11 de septiembre de 2011

No eran policías; eran ciudadanos de segunda

Estamos marcados por el desprecio de los de arriba hacia los de abajo y por el resentimiento de los de abajo hacia los de arriba. Escupirle al agente su condición de “asalariado de mierda” no fue la saludable arenga libertaria del que responde a los abusos policiales perpetrados, por ejemplo, en un sistema autoritario, sino el mero insulto de alguien que menosprecia a un individuo inferior.
  
Román Revueltas Retes

La infracción cometida por las tipas que agredieron a un policía en el barrio de Polanco se llama desacato a la autoridad, o algo así. No es una falta grave, según parece. Lo que sí es preocupante, por el contrario, es la facilidad con la que puedes, en México, desconocer la potestad de la fuerza pública. Después de todo, son ellos, los policías, los encargados de garantizar nuestra seguridad, ni más ni menos, y de apuntalar el respeto a las leyes.

Nadie habla, sin embargo, de lo que verdaderamente subyace tras el comportamiento de estas mujeres: no es solamente un flagrante desdén hacia la figura de un representante legal del Estado; estamos hablando, sobre todo, de la más incontestable manifestación del desprecio de clase en un país profundamente desigual (aparte de racista).
Nos cuesta trabajo hablar de estos temas porque la falacia de la unidad nacional ha sido propagada machaconamente por una clase política interesada en consagrar mitos y discursos demagógicos. Y, además, a nosotros mismos nos cuesta reconocer ciertas verdades dolorosas. Pero el gran drama de nuestro país, justamente, es la descomunal distancia que separa a unos mexicanos de los otros: somos el territorio privilegiado de las diferencias y, aunque nos pese admitirlo, no habitamos una casa común, sino un espacio hecho de cotos que no se entremezclan jamás y que, por lo tanto, no nos sirven para conformar una auténtica identidad nacional.

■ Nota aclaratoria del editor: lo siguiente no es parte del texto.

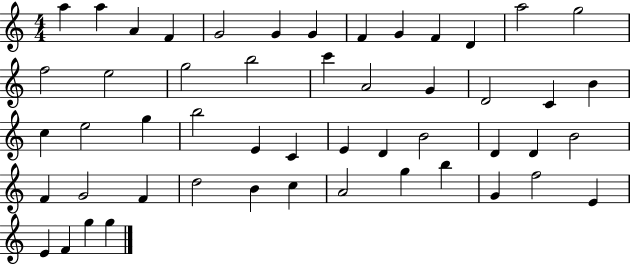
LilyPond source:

{
  \clef treble
  \numericTimeSignature
  \time 4/4
  \key c \major
  a''4 a''4 a'4 f'4 | g'2 g'4 g'4 | f'4 g'4 f'4 d'4 | a''2 g''2 | \break f''2 e''2 | g''2 b''2 | c'''4 a'2 g'4 | d'2 c'4 b'4 | \break c''4 e''2 g''4 | b''2 e'4 c'4 | e'4 d'4 b'2 | d'4 d'4 b'2 | \break f'4 g'2 f'4 | d''2 b'4 c''4 | a'2 g''4 b''4 | g'4 f''2 e'4 | \break e'4 f'4 g''4 g''4 | \bar "|."
}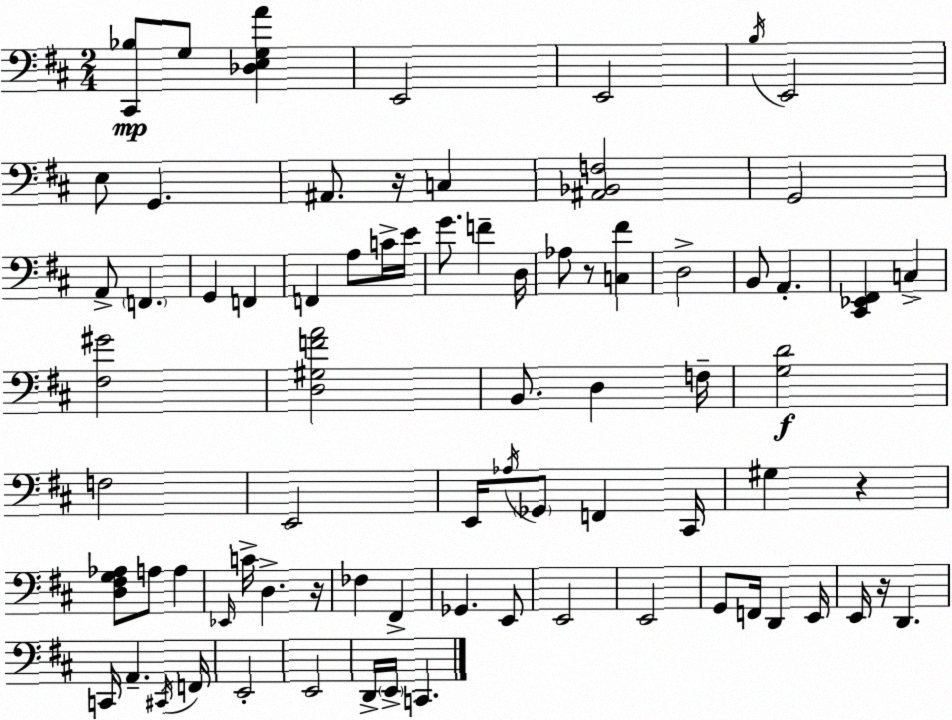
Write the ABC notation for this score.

X:1
T:Untitled
M:2/4
L:1/4
K:D
[^C,,_B,]/2 G,/2 [_D,E,G,A] E,,2 E,,2 B,/4 E,,2 E,/2 G,, ^A,,/2 z/4 C, [^A,,_B,,F,]2 G,,2 A,,/2 F,, G,, F,, F,, A,/2 C/4 E/4 G/2 F D,/4 _A,/2 z/2 [C,^F] D,2 B,,/2 A,, [^C,,_E,,^F,,] C, [^F,^G]2 [D,^G,FA]2 B,,/2 D, F,/4 [G,D]2 F,2 E,,2 E,,/4 _A,/4 _G,,/2 F,, ^C,,/4 ^G, z [D,^F,G,_A,]/2 A,/2 A, _E,,/4 C/4 D, z/4 _F, ^F,, _G,, E,,/2 E,,2 E,,2 G,,/2 F,,/4 D,, E,,/4 E,,/4 z/4 D,, C,,/4 A,, ^C,,/4 F,,/4 E,,2 E,,2 D,,/4 E,,/4 C,,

Estamos marcados, en esencia, por el desprecio de los de arriba hacia los de abajo y por el resentimiento de los de abajo hacia los de arriba. Escupirle al agente su condición de “asalariado de mierda”, entonces, no fue la saludable arenga libertaria del que responde, por vez primera, a los abusos policiales perpetrados, por ejemplo, en un sistema autoritario, sino el mero insulto de alguien que menosprecia a un individuo inferior; tan insignificante socialmente, de hecho, que ni el uniforme le otorga “categoría”.

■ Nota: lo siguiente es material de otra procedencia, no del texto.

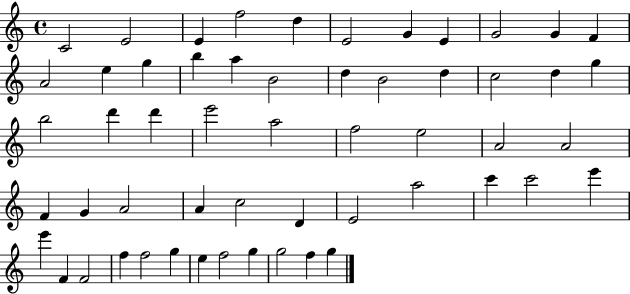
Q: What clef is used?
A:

Por ello mismo es que no nos despiertan gran solidaridad los muchachos de nuestras fuerzas armadas siendo que encarnan, en toda su dimensión —y su grandeza, diría yo—, al pueblo de México, usado el término en la acepción de “gente común y humilde” que nos ofrece el diccionario: las diatribas contra el Ejército, a pesar de que sigue siendo la institución más respetada de la República, no dejan de llevar ese tufo de desestimación profunda que guardan aquellos que de ninguna manera están dispuestos a identificarse con las clases bajas. Nuestro Ejército, bajo sospecha permanente desde que el poder político lo implicara en los sucesos de 1968, es el cuerpo más “popular” de la nación. ¿Es, acaso, el más entrañable para todos los mexicanos? No estoy tan seguro. Una vez más, estamos hablando de un país dividido en clases sociales que no se reconocen entre sí.

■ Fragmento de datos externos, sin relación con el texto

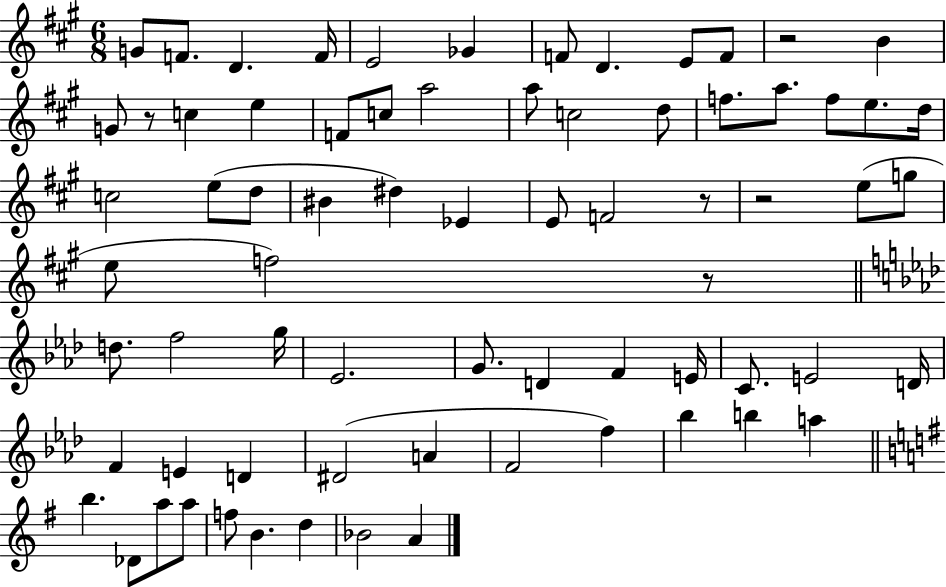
{
  \clef treble
  \numericTimeSignature
  \time 6/8
  \key a \major
  g'8 f'8. d'4. f'16 | e'2 ges'4 | f'8 d'4. e'8 f'8 | r2 b'4 | \break g'8 r8 c''4 e''4 | f'8 c''8 a''2 | a''8 c''2 d''8 | f''8. a''8. f''8 e''8. d''16 | \break c''2 e''8( d''8 | bis'4 dis''4) ees'4 | e'8 f'2 r8 | r2 e''8( g''8 | \break e''8 f''2) r8 | \bar "||" \break \key aes \major d''8. f''2 g''16 | ees'2. | g'8. d'4 f'4 e'16 | c'8. e'2 d'16 | \break f'4 e'4 d'4 | dis'2( a'4 | f'2 f''4) | bes''4 b''4 a''4 | \break \bar "||" \break \key g \major b''4. des'8 a''8 a''8 | f''8 b'4. d''4 | bes'2 a'4 | \bar "|."
}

La dignificación de los cuerpos policiacos —un asunto tan urgente, por cierto, como para que al rector de la Universidad Nacional no le parezca ya indigno el ofrecimiento de que sus estudiantes se incorporen a la policía— pasa entonces por la instauración de una república de iguales, de individuos que se sientan merecedores de los mismos derechos, más allá de que lleven uniforme o de que desempeñen las tareas más ingratas que pueda ofrecerles el mercado laboral.

La empresa, no hay que aclararlo siquiera, es colosal porque la sociedad mexicana está marcada, de origen, por una desigualdad prácticamente estructural, una disparidad hecha de diferencias, digamos, raciales —el color de la piel, los rasgos de la cara o la propia estatura—, educativas —la formación en una escuela pública en oposición a los estudios en un centro de estudios privado, el dominio de idiomas extranjeros, la obtención de un título universitario, la carencia absoluta de habilidades orales o la imposibilidad de comprender un texto escrito—, y sociales —la “cuna”, el nivel económico, las relaciones con el poder, la capacidad de acceder a los privilegios, la condena de la pobreza, la falta de oportunidades, etcétera—.

El combate a la desigualdad es —y seguirá siendo, durante años enteros— la gran asignatura pendiente de este país. Mientras tanto, muchos policías seguirán agachando la cabeza.